В парижском аэропорту я разгулялась. Решила сделать приятное моему боссу и любовнику. Он же хотел, чтобы я тратила его деньги. Спустила с карточки Кирилла огромную сумму, ни в чем себя не ограничивала. Купила Глебушке и брату пуловеры, подружкам — шарфы, маме — красную кожаную сумку. А себе прихватила и шарф, и сумку, и платье. Еще набрала шоколада, миндального печенья и настоящего сыра, золотисто-желтого, с дырочками. Тот, что продается у нас в супермаркете, есть невозможно.

Вернулась к нашему гейту, где в кресле расположился Кирилл. Он увлеченно строчил что-то на ноутбуке. Оторвав взгляд от экрана, улыбнулся мне, посмотрел на ворох фирменных пакетов — я кинула их на кресла и присела рядом.

— Сказать тебе одну ужасную вещь? — трагически начала я.

У милого друга вытянулось лицо.

— Что?

— Пообещай, что не будешь меня презирать.

— Господи, Катя! Я никогда не буду тебя презирать! Что бы ни случилось! — горячо воскликнул Кирилл.

— Ой, — отпрянула я, не ожидая такой бурной реакции. — Просто… Хотела тебе сообщить, что твоя девушка — злостный шопоголик, — вздохнув, я помахала перед Кириллом пластиковой карточкой.

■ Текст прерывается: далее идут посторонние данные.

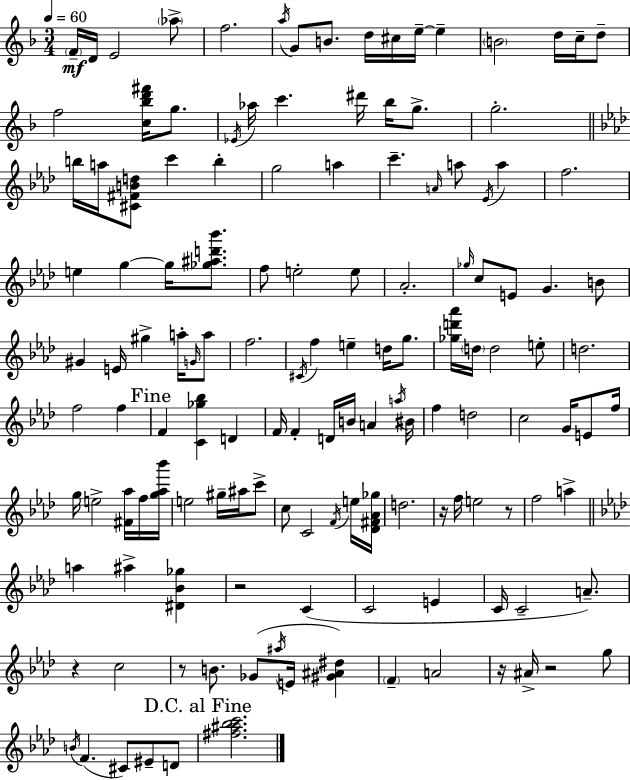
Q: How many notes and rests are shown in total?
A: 138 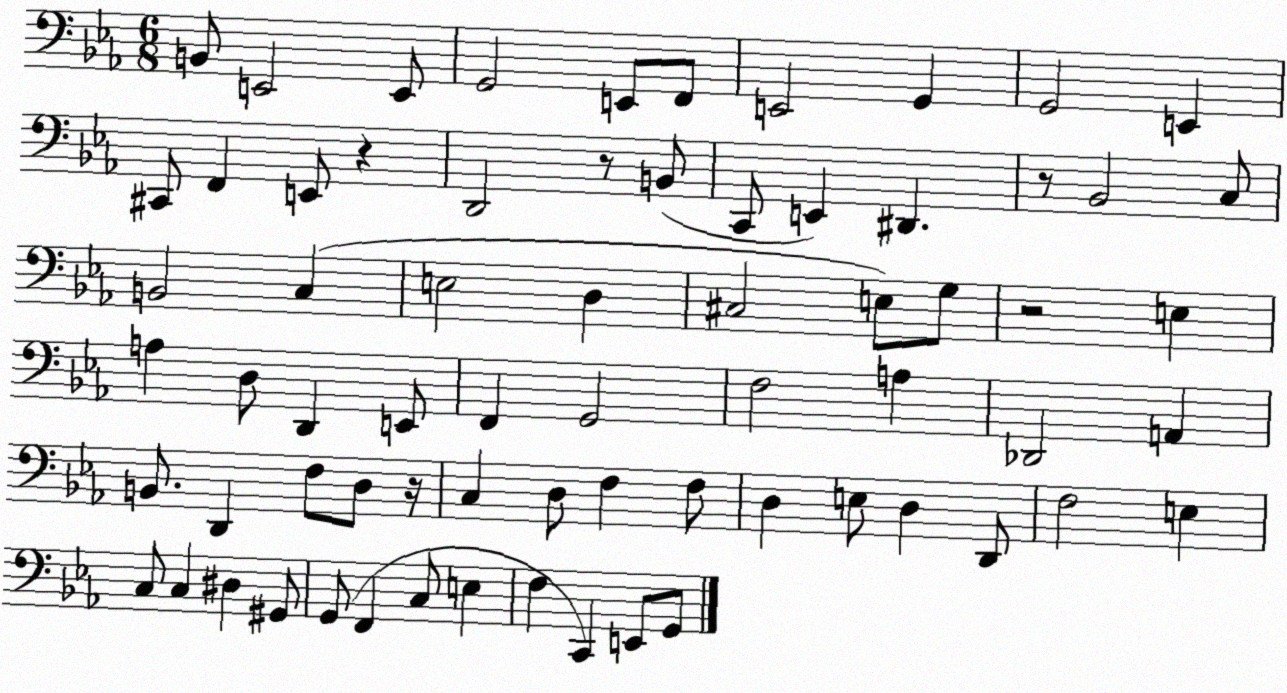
X:1
T:Untitled
M:6/8
L:1/4
K:Eb
B,,/2 E,,2 E,,/2 G,,2 E,,/2 F,,/2 E,,2 G,, G,,2 E,, ^C,,/2 F,, E,,/2 z D,,2 z/2 B,,/2 C,,/2 E,, ^D,, z/2 _B,,2 C,/2 B,,2 C, E,2 D, ^C,2 E,/2 G,/2 z2 E, A, D,/2 D,, E,,/2 F,, G,,2 F,2 A, _D,,2 A,, B,,/2 D,, F,/2 D,/2 z/4 C, D,/2 F, F,/2 D, E,/2 D, D,,/2 F,2 E, C,/2 C, ^D, ^G,,/2 G,,/2 F,, C,/2 E, F, C,, E,,/2 G,,/2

— Катя… Нет! Какой кошмар! — задохнулся от ужаса мой друг.

— Угу. Я тебя разорила.

— Вот как бывает, — сокрушенно покачал головой Кирилл. — Познакомишься с девушкой, надеешься, что она экономная, хозяйственная… А она — оп! — ушла в загул по магазинам.

— Видишь, как тебе не повезло.

— Мне понадобится время, чтобы как-то свыкнуться с этой страшной мыслью. Постой, постой, как ты сказала — твоя девушка?

— Да.

— Как приятно слышать, что ты называешь себя моей девушкой, — мечтательно улыбнулся Кирилл. — Эти два слова компенсируют любые материальные издержки.